When I awoke this morning I remembered that it was on this date last year that my late husband and I said our last "rabbit" together when I refreshed his bedside ice water. By the first of June he was too weak and too disoriented to say "rabbit" for luck. And, of course, Ken's long run of luck had nearly run out.
As a young girl I'd read an English storybook where the heroine upon awakening said "rabbit" for good luck on the first day of each month. I later learned that this tradition was widespread throughout the British empire. I found women in both Belize and Seychelles who practiced it. I passed the habit along to both of my husbands and my son.
In 1967 I wrote a couple of paragraphs about my "Rabbit Habit" and the brief piece was published in Woman's Day in the old Neighbors column. It was my first sale to a national publication, one carried in thousands of supermarkets. My first husband secretly photocopied and framed my $25 acceptance check and wrapped it as a Christmas gift. That memento is in a file cabinet in my son's garage in Orange, CA, and the next time I visit I plan to dig it out.
After my anecdote was published, the Neighbors editor sent me a sheath of letters she had received in response. In those pre-email days, several folks invested stamps to recount the English origins of the story, or to share their delight in reading my contribution in the pages of their favorite publication. Others sent in bombasts seething with the style and substance of Jonathan Edwards' Sinners in the Hands of an Angry God:
"Don't believe in luck...everything is predestined by your Maker!"
"Knocking on wood and saying "rabbit" are invoking Satan!"
"Read the Bible, not English storybooks!"
Oh, well. The Lord indeed is my shepherd, but I do believe in luck, in English traditions, and on good days, in fairy tales. I always clap for Tinker Bell. Don't you?
I concur with Thomas Jefferson, my favorite founding father:
“I'm a great believer in luck, and I find the harder I work, the more I have of it.”

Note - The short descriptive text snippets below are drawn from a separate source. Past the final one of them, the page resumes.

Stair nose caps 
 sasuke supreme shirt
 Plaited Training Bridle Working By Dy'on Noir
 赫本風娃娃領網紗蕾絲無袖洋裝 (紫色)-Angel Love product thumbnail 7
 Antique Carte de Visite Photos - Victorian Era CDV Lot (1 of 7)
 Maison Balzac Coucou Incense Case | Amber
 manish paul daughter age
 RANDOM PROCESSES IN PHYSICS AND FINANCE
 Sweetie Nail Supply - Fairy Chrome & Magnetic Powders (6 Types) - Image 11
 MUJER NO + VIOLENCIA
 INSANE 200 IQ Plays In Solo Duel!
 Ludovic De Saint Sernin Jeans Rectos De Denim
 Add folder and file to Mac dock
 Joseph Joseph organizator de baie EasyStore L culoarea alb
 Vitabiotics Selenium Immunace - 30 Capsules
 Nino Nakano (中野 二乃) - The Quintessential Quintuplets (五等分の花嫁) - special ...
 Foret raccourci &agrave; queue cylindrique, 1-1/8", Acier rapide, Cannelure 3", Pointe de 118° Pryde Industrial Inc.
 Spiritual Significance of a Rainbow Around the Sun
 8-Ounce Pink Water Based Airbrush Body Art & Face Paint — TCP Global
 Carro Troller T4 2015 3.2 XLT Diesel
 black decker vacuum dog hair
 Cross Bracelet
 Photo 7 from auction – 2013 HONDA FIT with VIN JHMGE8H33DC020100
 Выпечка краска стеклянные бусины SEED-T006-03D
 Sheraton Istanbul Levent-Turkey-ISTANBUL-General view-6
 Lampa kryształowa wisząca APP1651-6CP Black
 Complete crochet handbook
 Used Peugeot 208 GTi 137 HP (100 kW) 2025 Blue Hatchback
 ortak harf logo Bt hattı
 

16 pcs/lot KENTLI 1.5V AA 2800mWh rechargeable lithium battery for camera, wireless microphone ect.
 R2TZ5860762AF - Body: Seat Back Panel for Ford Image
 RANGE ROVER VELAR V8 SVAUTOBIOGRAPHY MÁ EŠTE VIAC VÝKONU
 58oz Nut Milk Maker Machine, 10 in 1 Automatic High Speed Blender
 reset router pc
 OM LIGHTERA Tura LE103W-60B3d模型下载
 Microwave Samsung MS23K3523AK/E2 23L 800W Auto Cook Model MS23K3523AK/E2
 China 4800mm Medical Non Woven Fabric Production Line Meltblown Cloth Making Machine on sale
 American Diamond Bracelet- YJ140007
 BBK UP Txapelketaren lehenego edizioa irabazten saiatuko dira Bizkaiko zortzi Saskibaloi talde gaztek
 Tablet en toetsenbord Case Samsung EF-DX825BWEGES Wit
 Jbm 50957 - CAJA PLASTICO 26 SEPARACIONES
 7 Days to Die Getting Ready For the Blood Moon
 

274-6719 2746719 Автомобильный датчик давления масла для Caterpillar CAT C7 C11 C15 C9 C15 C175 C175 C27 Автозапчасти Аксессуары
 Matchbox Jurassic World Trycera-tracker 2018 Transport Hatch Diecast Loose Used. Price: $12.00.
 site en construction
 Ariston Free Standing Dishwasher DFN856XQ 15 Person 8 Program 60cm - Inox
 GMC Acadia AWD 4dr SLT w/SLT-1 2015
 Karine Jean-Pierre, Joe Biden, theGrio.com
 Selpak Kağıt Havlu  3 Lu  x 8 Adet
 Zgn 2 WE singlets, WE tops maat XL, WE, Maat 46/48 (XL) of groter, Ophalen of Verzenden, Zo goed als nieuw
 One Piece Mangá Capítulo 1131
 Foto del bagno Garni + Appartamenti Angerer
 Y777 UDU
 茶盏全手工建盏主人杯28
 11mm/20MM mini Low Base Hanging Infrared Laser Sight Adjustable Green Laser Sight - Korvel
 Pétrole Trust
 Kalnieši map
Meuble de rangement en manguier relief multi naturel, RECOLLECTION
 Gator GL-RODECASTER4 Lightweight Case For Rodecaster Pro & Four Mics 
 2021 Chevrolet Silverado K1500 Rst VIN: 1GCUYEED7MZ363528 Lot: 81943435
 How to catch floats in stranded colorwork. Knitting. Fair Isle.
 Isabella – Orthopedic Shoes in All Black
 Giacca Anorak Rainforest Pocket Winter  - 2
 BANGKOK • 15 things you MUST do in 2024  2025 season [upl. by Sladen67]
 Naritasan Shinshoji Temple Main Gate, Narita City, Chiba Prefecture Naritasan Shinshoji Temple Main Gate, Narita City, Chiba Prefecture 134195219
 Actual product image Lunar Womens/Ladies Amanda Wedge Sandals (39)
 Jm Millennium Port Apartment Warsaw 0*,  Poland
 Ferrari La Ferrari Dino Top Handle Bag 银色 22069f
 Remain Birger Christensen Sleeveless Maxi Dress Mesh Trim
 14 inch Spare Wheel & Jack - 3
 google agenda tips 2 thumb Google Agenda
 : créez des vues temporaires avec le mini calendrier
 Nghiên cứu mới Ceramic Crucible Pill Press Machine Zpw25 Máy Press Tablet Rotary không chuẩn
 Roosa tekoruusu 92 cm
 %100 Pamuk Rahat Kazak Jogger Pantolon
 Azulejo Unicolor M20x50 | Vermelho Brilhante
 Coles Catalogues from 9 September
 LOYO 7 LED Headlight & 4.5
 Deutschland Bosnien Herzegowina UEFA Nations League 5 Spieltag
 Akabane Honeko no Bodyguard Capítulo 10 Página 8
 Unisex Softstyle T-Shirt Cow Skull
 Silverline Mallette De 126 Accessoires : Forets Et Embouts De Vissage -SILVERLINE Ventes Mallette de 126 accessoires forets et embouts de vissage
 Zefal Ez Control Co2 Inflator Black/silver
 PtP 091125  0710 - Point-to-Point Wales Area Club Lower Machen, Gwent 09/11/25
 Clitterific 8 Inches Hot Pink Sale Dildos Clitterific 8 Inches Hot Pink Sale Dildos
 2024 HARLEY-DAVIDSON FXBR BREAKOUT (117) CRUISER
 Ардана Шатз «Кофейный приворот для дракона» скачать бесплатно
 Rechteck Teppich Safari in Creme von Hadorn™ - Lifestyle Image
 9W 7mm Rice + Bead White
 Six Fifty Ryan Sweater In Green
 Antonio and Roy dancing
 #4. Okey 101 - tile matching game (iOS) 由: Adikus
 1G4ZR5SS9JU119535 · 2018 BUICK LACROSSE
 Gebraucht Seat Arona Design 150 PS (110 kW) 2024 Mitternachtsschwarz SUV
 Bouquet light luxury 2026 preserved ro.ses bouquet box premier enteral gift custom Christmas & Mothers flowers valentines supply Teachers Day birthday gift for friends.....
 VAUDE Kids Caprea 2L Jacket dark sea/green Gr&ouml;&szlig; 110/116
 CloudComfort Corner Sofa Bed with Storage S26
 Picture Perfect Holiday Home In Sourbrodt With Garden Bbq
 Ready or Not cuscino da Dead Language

So today, the first of May, I said "rabbit" and asked for luck and opportunity to write about :
1. Ken's love of secret codes and cowboys.
2. A grandmotherly cat.
3. Forgiveness in absentia.
Then I opened my e-mail and found that three more of my stories either have been accepted or are being considered for inclusion in the new Dream of Things anthologies, and...a fan letter from a lady in South Africa who loved "Withstanding Winter's Woes," in Chicken Soup for the Soul's What I Learned from the Cat.
Now that's gotta be a lucky start to the merry month of May!